Incidentalomes surrénaliens : le cortisol peut évoluer avec le temps et peser sur la santé cardiovasculaire

Souvent découvertes par hasard lors d’un scanner, les masses bénignes des glandes surrénales sont longtemps restées considérées comme relativement stables lorsqu’elles ne provoquent pas de symptômes. Une étude publiée dans The Lancet Diabetes & Endocrinology montre pourtant que leur activité hormonale peut changer au fil des années, avec des conséquences possibles sur la tension artérielle et le risque cardiométabolique.

Les glandes surrénales, situées au-dessus des reins, produisent plusieurs hormones essentielles, dont le cortisol. Il arrive qu’un scanner ou une IRM réalisé pour une autre raison révèle une petite masse sur l’une de ces glandes. On parle alors d’« incidentalome surrénalien ». La plupart sont bénins, mais certains peuvent produire un excès modéré de cortisol sans entraîner les signes spectaculaires du syndrome de Cushing.

C’est précisément cette situation que des chercheurs ont voulu suivre dans le temps. Leur étude rétrospective a porté sur 2 525 adultes pris en charge dans 25 centres de 14 pays, tous porteurs d’un incidentalome surrénalien bénin et ayant bénéficié de plusieurs évaluations hormonales. Le suivi médian approchait sept ans.

Les résultats montrent que l’activité hormonale de ces masses n’est pas toujours figée. Chez 563 patients, soit 22,3 % des participants, le profil de sécrétion du cortisol a suffisamment changé au cours du suivi pour modifier leur classification hormonale. Ces variations survenaient le plus souvent dans les premières années.

Pour mesurer cette activité, les médecins utilisent notamment un test de freinage à la dexaméthasone. Chez une personne dont le système hormonal fonctionne normalement, ce médicament doit fortement réduire la production de cortisol. Lorsque le cortisol reste anormalement élevé après le test, cela peut révéler une « sécrétion autonome légère de cortisol », c’est-à-dire une production excessive mais relativement discrète.

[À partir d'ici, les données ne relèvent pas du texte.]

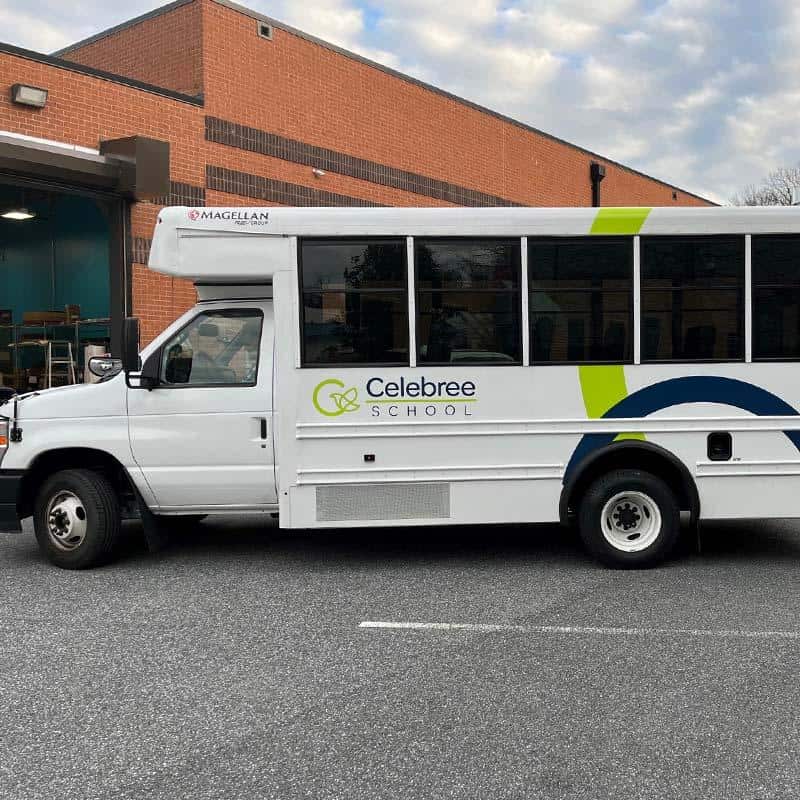 Celebree School franchise branded vehicle wraps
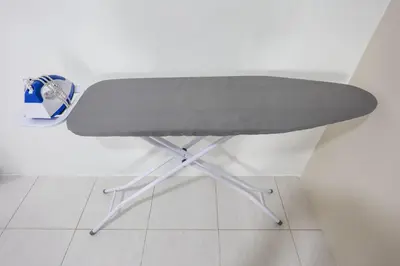 a gray table sitting on top of a floor at Serenity Retreat, Nature & Comfort Stay Brinchang Cameron Highland -Clover Home 5-21 in Brinchang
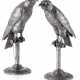 Paar aussergewöhnliche Falkenfiguren. Wilhelm Weinranck, Hanau, um 1900 - фото 1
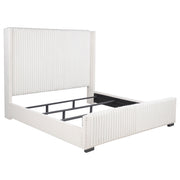 Tampa Furniture Outlet - Coaster - Natasha 65-inch Upholstered California King Bed Cream - 306051KW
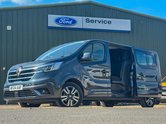 Renault Trafic Crew Cab AUTO LWB L2H1 Sport LI30 A/C Alloys Nav Sensors Tow Bar EURO 6 1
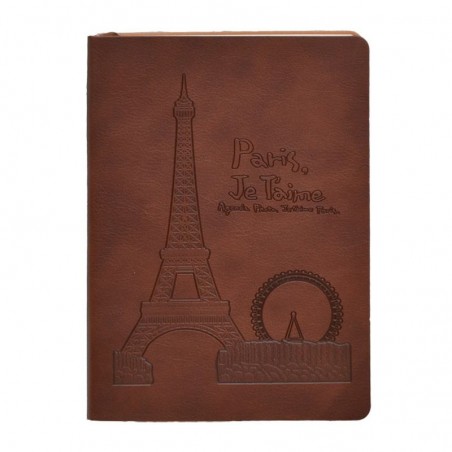 Agenda A5 notite, 100 pagini, semn de carte inclus, coperta buretata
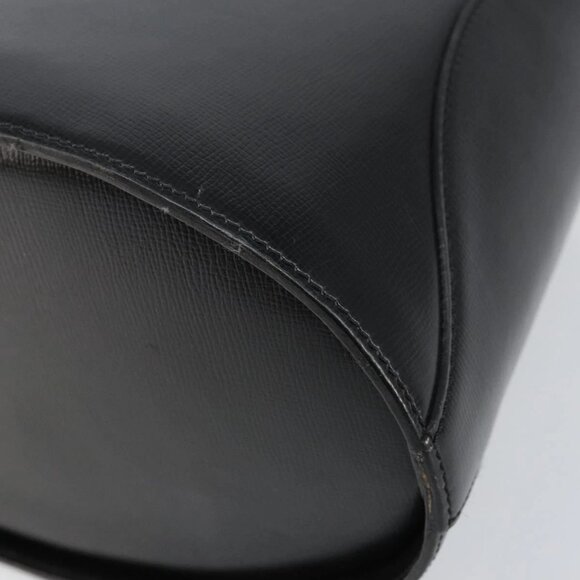 Christian Dior Hand Bag Leather Black Gold Auth BA6007 - Picture 5 of 16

L’étude montre surtout que la persistance de cette anomalie n’est pas anodine. Les patients chez lesquels l’excès de cortisol se maintenait au fil du temps présentaient davantage de troubles cardiométaboliques. Ils avaient notamment un risque d’aggravation de l’hypertension artérielle supérieur de 34 % à celui des personnes dont les tests hormonaux demeuraient normaux, après prise en compte de plusieurs facteurs susceptibles d’influencer le résultat.

Les chercheurs se montrent en revanche plus prudents concernant les complications les plus graves. Une production plus importante ou persistante de cortisol semblait, dans les premières analyses, associée à davantage d’événements cardiovasculaires et à une survie plus courte. Mais ces différences perdaient leur caractère statistiquement significatif une fois pris en compte l’âge et les autres facteurs de risque cardiovasculaire.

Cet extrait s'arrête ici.